All of these records need to be duplicated exactly.

Scraped caption text data
--
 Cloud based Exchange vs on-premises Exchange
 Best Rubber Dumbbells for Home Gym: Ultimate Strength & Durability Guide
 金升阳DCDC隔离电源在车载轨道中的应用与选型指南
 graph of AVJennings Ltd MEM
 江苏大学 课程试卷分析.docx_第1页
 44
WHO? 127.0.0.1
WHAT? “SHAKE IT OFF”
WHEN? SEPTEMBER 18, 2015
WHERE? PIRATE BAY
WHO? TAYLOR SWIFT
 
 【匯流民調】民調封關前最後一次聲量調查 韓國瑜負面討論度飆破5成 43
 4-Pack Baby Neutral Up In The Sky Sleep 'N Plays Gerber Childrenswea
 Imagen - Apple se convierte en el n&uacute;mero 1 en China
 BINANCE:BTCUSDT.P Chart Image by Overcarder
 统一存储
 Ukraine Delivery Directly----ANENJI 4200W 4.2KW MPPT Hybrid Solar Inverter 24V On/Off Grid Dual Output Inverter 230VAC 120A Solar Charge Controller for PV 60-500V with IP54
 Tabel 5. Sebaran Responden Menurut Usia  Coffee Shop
--
→ Result of the exercise
 Cloud based Exchange vs on-premises Exchange
 Best Rubber Dumbbells for Home Gym: Ultimate Strength & Durability Guide
 金升阳DCDC隔离电源在车载轨道中的应用与选型指南
 graph of AVJennings Ltd MEM
 江苏大学 课程试卷分析.docx_第1页
 44
WHO? 127.0.0.1
WHAT? “SHAKE IT OFF”
WHEN? SEPTEMBER 18, 2015
WHERE? PIRATE BAY
WHO? TAYLOR SWIFT
 
 【匯流民調】民調封關前最後一次聲量調查 韓國瑜負面討論度飆破5成 43
 4-Pack Baby Neutral Up In The Sky Sleep 'N Plays Gerber Childrenswea
 Imagen - Apple se convierte en el n&uacute;mero 1 en China
 BINANCE:BTCUSDT.P Chart Image by Overcarder
 统一存储
 Ukraine Delivery Directly----ANENJI 4200W 4.2KW MPPT Hybrid Solar Inverter 24V On/Off Grid Dual Output Inverter 230VAC 120A Solar Charge Controller for PV 60-500V with IP54
 Tabel 5. Sebaran Responden Menurut Usia  Coffee Shop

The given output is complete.